Street harassment has been a frequent topic here in Lady Bits. That’s because, as a woman, it’s one of the issues that affects my quality of life most on a daily basis. And also because it sucks. A lot.
I interviewed anti-street harassment activist Holly Kearl a few months ago, and we spoke about what street harassment is and what we can do to stop it. Holly is the founder of Stop Street Harassment, an organization dedicated to documenting and ending the problem of street harassment. People from around the world have shared their stories on the Stop Street Harassment blog, and 50 of those stories are the basis for Holly’s new book.
50 Stories About Stopping Street Harassers is a collection of stories from around the world. It’s empowering, funny at times, and pragmatic, too – Holly encourages her readers to create a plan of action so they can implement some of the same strategies in their own lives. I was lucky enough to sneak a peek at an advance copy, and it’s a powerful read. Plus, 50% of the proceeds go to funding Stop Street Harassment programs.
I spoke with Holly about the new book and what’s up next for Stop Street Harassment. Check it out.
You’ve been doing anti-street harassment work for several years now. What inspired you to write this particular book?
This book was really inspired by the people who have attended my talks on street harassment over the years. I’ve given more than 50 talks in the past three years, and I usually share three or four stories per talk. That’s what people really cling to, or are the most interested in. Because for most of the talk I’m sharing statistics or talking about rape culture, which isn’t particularly exciting but it’s necessary. But I think the stories really capture people’s imagination and are empowering, so I decided that it would be useful to people to have a book with 50 of these stories that they can read through. It’s an inspiration, and almost a more fun way to approach the issue.
So many stories have been submitted to the Stop Street Harassment blog, as well as other online forums. How did you choose which stories to include in the book?
I tried to collect a diverse group of stories. I was looking for geographic diversity and stories involving people of various ages and races. I was also looking for a variety of tactics, for example reporting a harasser, public shaming, getting an apology – a range of ways people were dealing with street harassment.
Is there a story that stands out as one of your favorites?

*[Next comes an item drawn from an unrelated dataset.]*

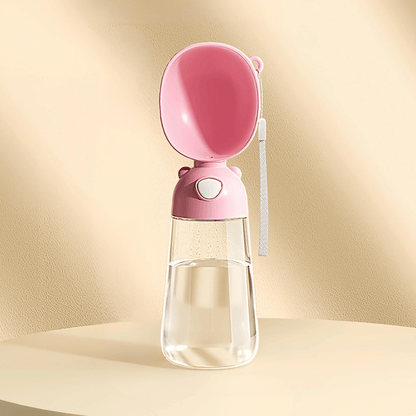 Portable Dog Water Bottle with Food Dispenser – Leak-Proof Travel Solution 9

One of my favorites that I have often shared in my talks is the one of a fifteen-year-old girl in New York City. She was taking the subway, and this man who she said was probably around 43 was harassing her and saying that she looked really sexy in her schoolgirl outfit. She said, “You probably have a daughter older than me.” And when that didn’t deter him, she said, “Sexual harassment is a crime. Leave me alone or I will report you.” What I thought was really powerful was what she wrote after that, though. She said, “I count that as a win for me, because I hear things like that all the time and I finally stood up for myself.” For me, that’s the power in a lot of these stories. Having the opportunity to read the stories and maybe try it yourself, and feel that empowerment, feel like you can stand up for yourself.
Your book also includes a plan of action at the end, which encourages readers to think about and write down three responses they might actually use. I think that is really helpful, because it’s so easy to freeze up when you’re actually confronted with harassment. What are some tips you have for people who want to try and stand up to their harassers?

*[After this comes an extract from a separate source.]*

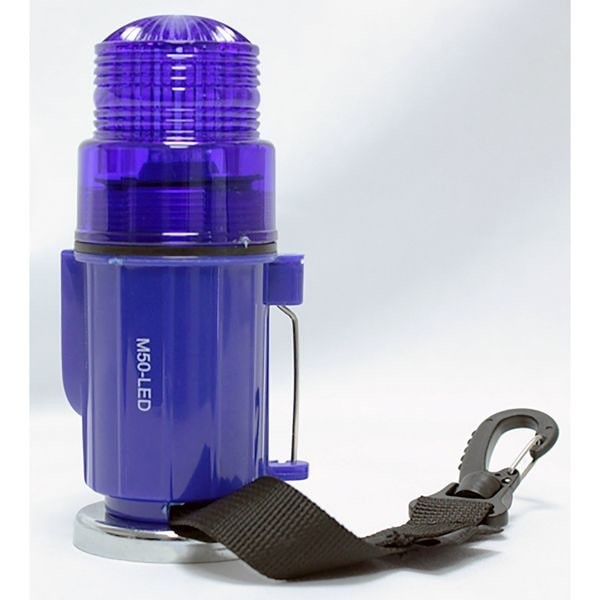 Railhead Gear M50b-Led Warning Strobe, Blue, Led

First of all, they need to make sure that they feel safe and that it is something they want to do. I definitely don’t want people to get the impression that I’m saying they must respond to harassers. It’s totally up to them, I just want them to have some options. I think having something short that they can just say quickly is helpful. Because so often, street harassment just happens, and you’re thrown off, and you have maybe a second to respond. So I think having something short that you can say in a lot of situations can be powerful. For me, I just say, “Don’t harass women,” or, “Don’t harass me,” and then keep on going. I think anything people can do to surprise harassers is the least likely to escalate the situation. So, that can be just responding, or trying to turn it into a joke, or publicly shaming them. That can be very powerful. And then, for the times that people don’t have the opportunity to respond in the moment, they may want to consider reporting it or at least sharing their story to bring attention to the issue.
50% of the proceeds of your book go to helping fund Stop Street Harassment. Tell me a little bit about the programs that money will go to.

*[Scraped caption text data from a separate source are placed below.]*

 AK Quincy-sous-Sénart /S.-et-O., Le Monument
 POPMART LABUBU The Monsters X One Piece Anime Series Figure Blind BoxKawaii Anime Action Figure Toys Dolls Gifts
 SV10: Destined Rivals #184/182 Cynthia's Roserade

One of the main programs that money would go to is a new one, our Safe Public Spaces Mentoring Program. Essentially what people can do is propose a project or campaign they want to implement in their community, and they fill out a short application, and then Stop Street Harassment can take them on. We give them lots of mentoring, so we have weekly check-ins, give advice for the project, I connect them to relevant people in their area, and I also give them a small amount of money to offset their expenses. So right now, we’re in the second month of the pilot program. I’ve been working with activists in Afghanistan, who have been doing workshops in high schools on street harassment. In Cameroon, a young woman there is a leader and she has been doing a lot of discussion groups and talking to people to gather information about what street harassment looks like in their community. She’s going to do a seminar in a couple of weeks. The third one is in Chicago, and a woman there has a team of people who are going to make a short, humorous film about street harassment. They plan to do an event on October 13 to show it and have a community discussion about street harassment. So what I really want to be able to do is expand that next year, so it can take on ten sites.